Acey wrote:Doing that's is perfectly fine if that's what you prefer, but I think consummately labelling the series as 'just slapstick' severely limits potential reader investment in the characters and also character analysis and study by those same fans. After all, isn't that why we come to these forums? ^^
But in order to analyze and study, you have to understand things in context. You can still interpret and empathize characters within the framework of the slapstick world-rules, but unless you're interpreting it in that light, you're going to get a horribly skewed view of the characters.
The Ranmaverse is a place where having holes blasted in your wall by the Ramen delivery girl is a minor annoyance. It's a world where you can get your neck snapped at a 90-degree angle and then just walk it off. It's a world where an entire army of students will attack a single student--who doesn't even want to fight them--in the schoolyard every single day in plain view, and the school officials don't pay any apparent mind to it.
What do you think of when you see Ranma do things like drop Kuno headfirst out of a tree in a fit of aggravation when Kuno insults him?

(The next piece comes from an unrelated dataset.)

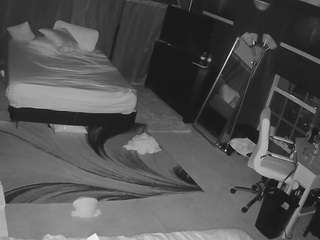 voyeurcam-baileybase-room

Or drive Kuno's face into a table just as a way of saying "hi"? We don't consider him a monster, because we know that Kuno isn't actually going to break his neck or get permanently injured by such comedic antics.
Unless you make the fundamental slapstick leap that random acts of comedic violence just fundamentally aren't as big a deal in Ranma's world as they are in this one, the whole thing changes from a romantic comedy into a sort of ridiculous dystopian nightmare.

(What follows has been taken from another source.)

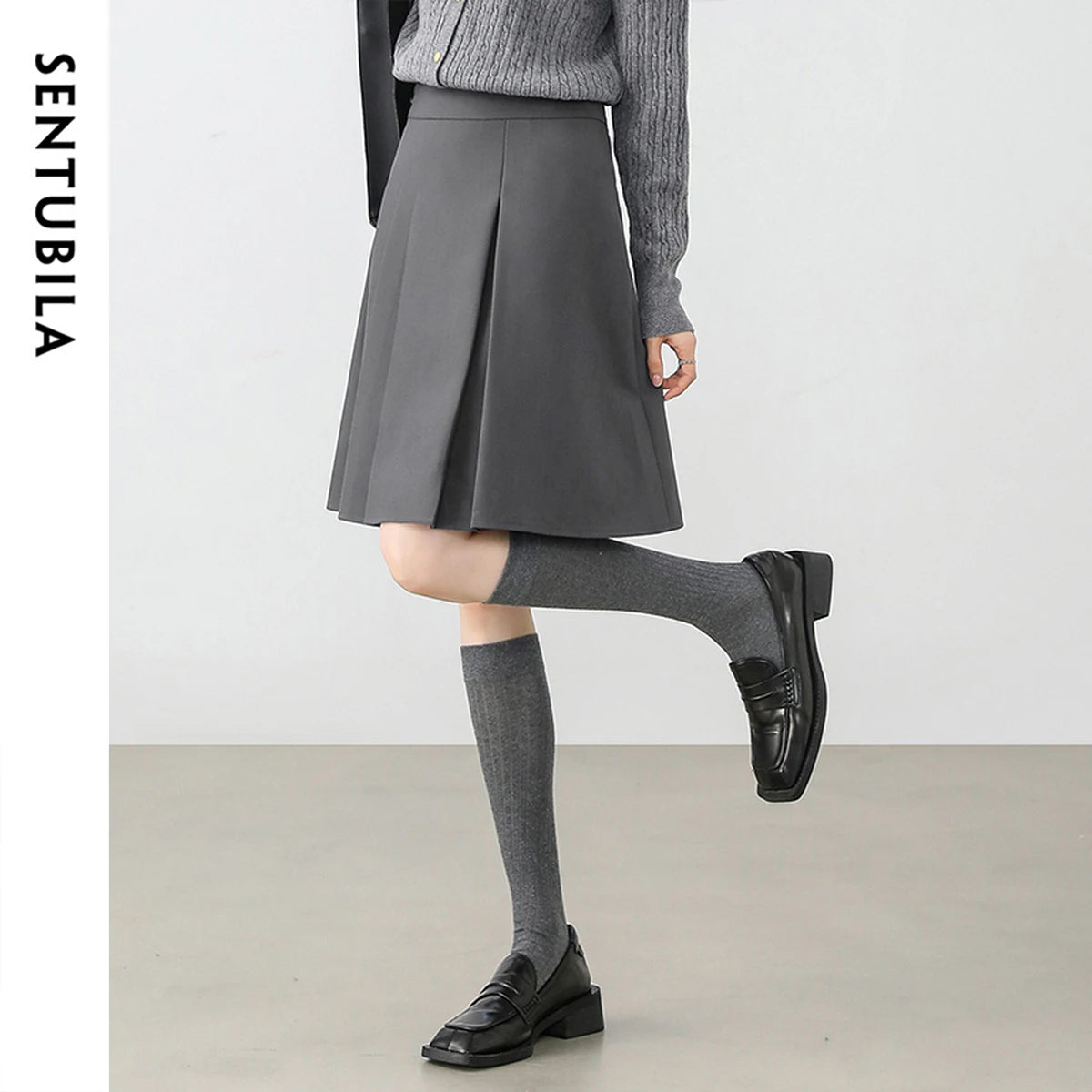 Damen Faltenrock im A-Linien Stil aus klassischem Twill Material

Personally, I think Takahashi does a fine job of distinguishing the moments where she's showing us the world through the goggles of slapstick physics from the more serious ones where it's less so.

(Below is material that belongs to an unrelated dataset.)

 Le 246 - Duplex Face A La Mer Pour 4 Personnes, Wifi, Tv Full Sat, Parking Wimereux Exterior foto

Nekomata-sensei wrote:Wrong, this is ignoring many circumstances. First of all, Ryoga, knowing that Akane is engaged to Ranma, and Akane, knowing she is engaged to Ranma, should not be dating. Ranma, however, has conflicting engagments, not of his own fault (Kiss of Marrige was given _in Japan_ protecting Akane, Ranma had no responsibility to know what his actions would have caused until after the fact
Except that nobody except the Amazons regards their bizzare little law as in any way binding. Ranma says he's "not even thinking about marrying Shampoo" and considers the Amazons' schpiel to be "looney talk."
Likewise to the Tendos' engagement--even before all those conflicting engagements became known, he'd already indicated to Akane that he had no intention of actually ever marrying her. So if he doesn't, then why should he be allowed to chain her to his orbit while he goes out and dates anyone he wants to?
I see no indication whatsoever that his antics with Ryouga were in any way related to some selfless devotion to honorable principles of engagement. As far as I can see it was simple jealousy, and over a girl he hadn't even had the decency to admit to actually loving, even if he was going to covertly sabotage her chances with other guys in utterly cruel ways.
Nekomata-sensei wrote:Ranma's actions against Ryoga were completely justified, he was protecting the honor of both Akane and Akari, whom Ryoga was taking advantage of...
Um, correct me if I'm wrong, but isn't the Yoiko story arc in volume 11? And doesn't Akari show up in volume 30?